#### [Description of the task]
Repeat the listing below exactly from the line with "Buy stock photo" through its last line. Skip every picture.

#### [Data for analysis]

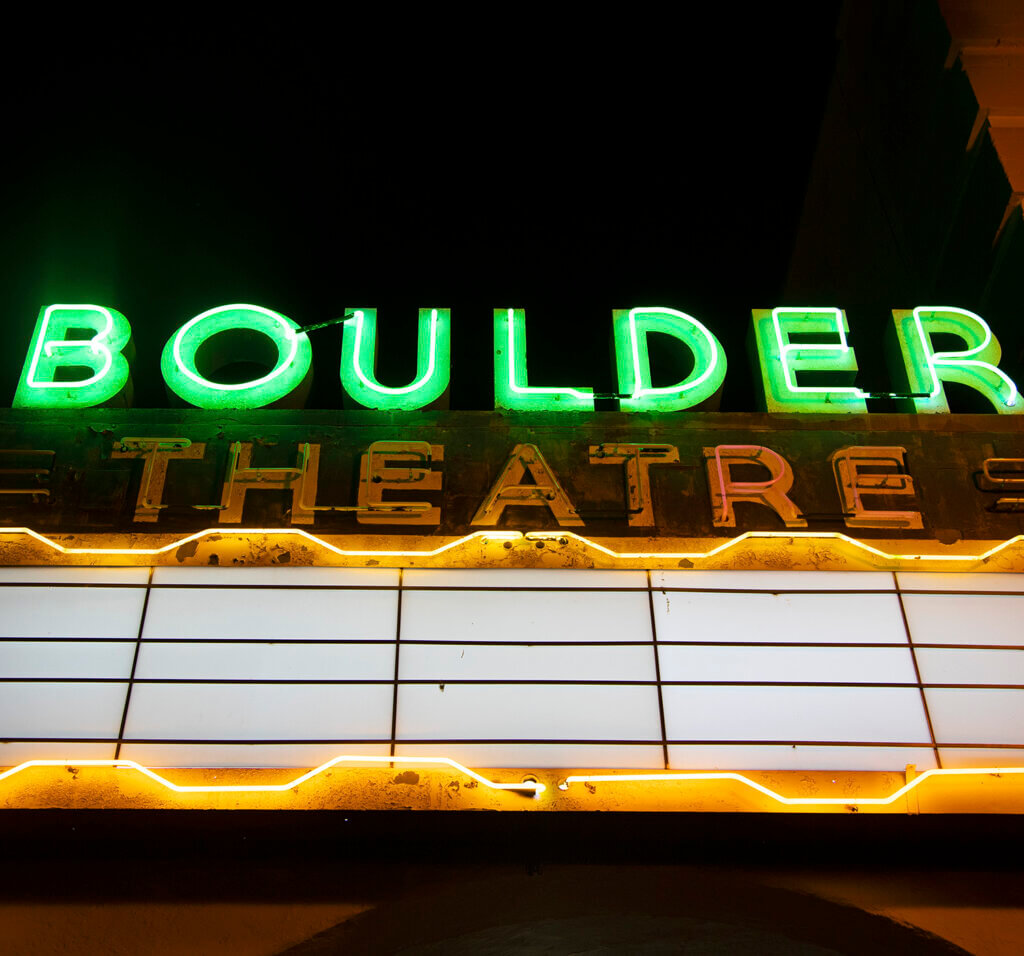 neon sign at the boulder city theatre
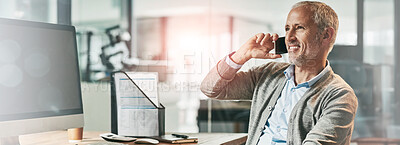 Buy stock photo Shot of a mature businessman talking on the phone while sitting at his desk in an office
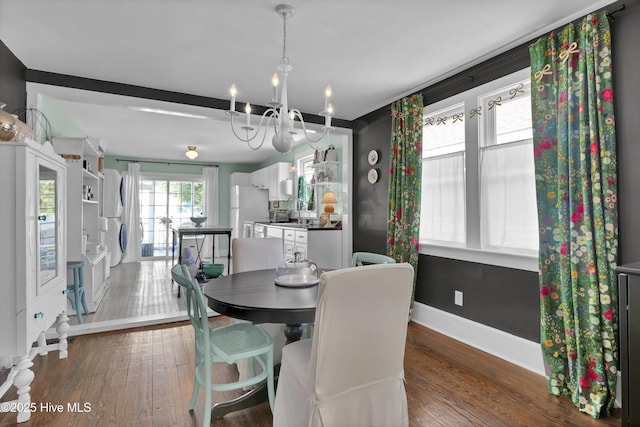 416 S 8th St, Wilmington, NC 28401 - dining room featuring wood finished floors, a chandelier, and baseboards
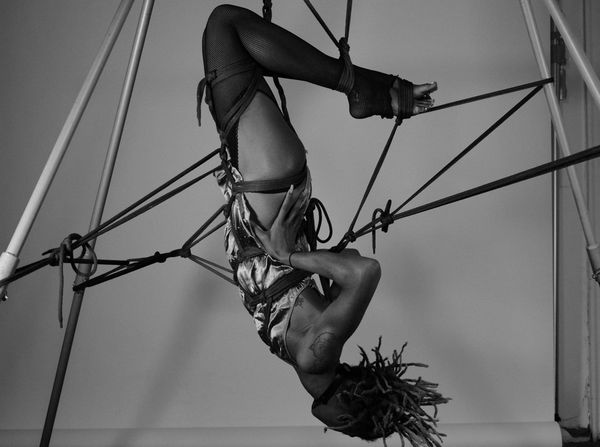 An image of someone suspended upside down from shibari ropes, holding their hips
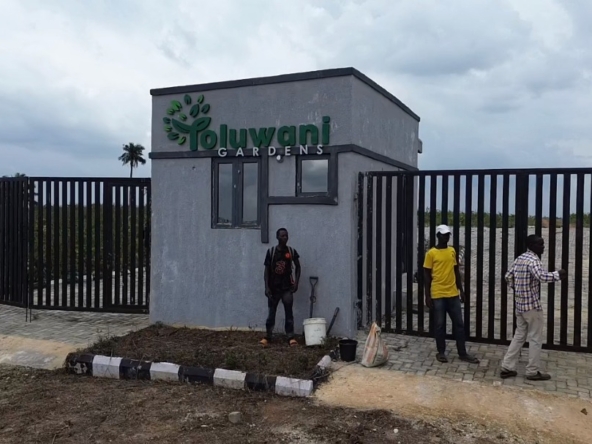 Entrance to Oluwani Gardens with three people outside.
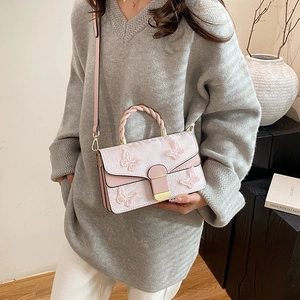 Sac bandoulière rose avec broderie florale et poignée tressée dans un décor d'intérieur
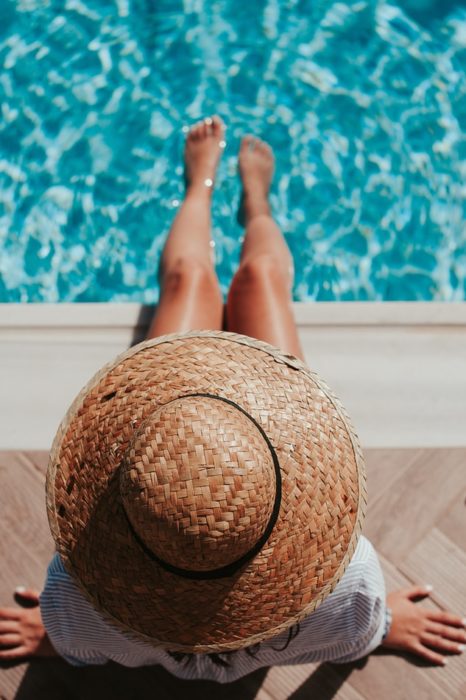 Chica con los pies dentro de la piscina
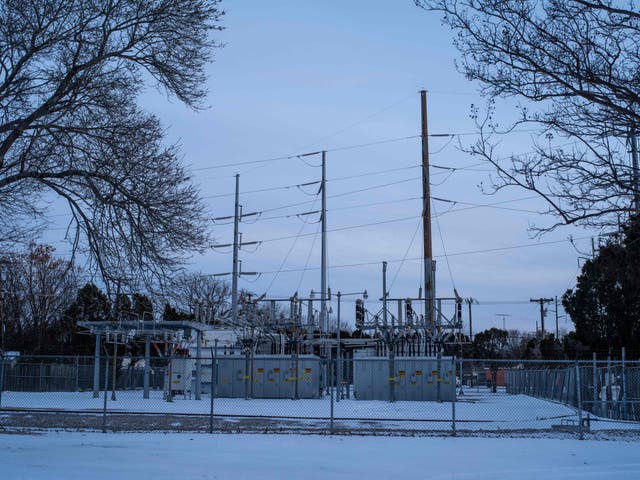 <p>An Oncor power substation is surrounded by snow in Waco, Texas, on 18 February, 2021</p>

#### [Result of this task]
 Buy stock photo Shot of a mature businessman talking on the phone while sitting at his desk in an office
 416 S 8th St, Wilmington, NC 28401 - dining room featuring wood finished floors, a chandelier, and baseboards
 An image of someone suspended upside down from shibari ropes, holding their hips
 Entrance to Oluwani Gardens with three people outside.
 Sac bandoulière rose avec broderie florale et poignée tressée dans un décor d'intérieur
 Chica con los pies dentro de la piscina
 <p>An Oncor power substation is surrounded by snow in Waco, Texas, on 18 February, 2021</p>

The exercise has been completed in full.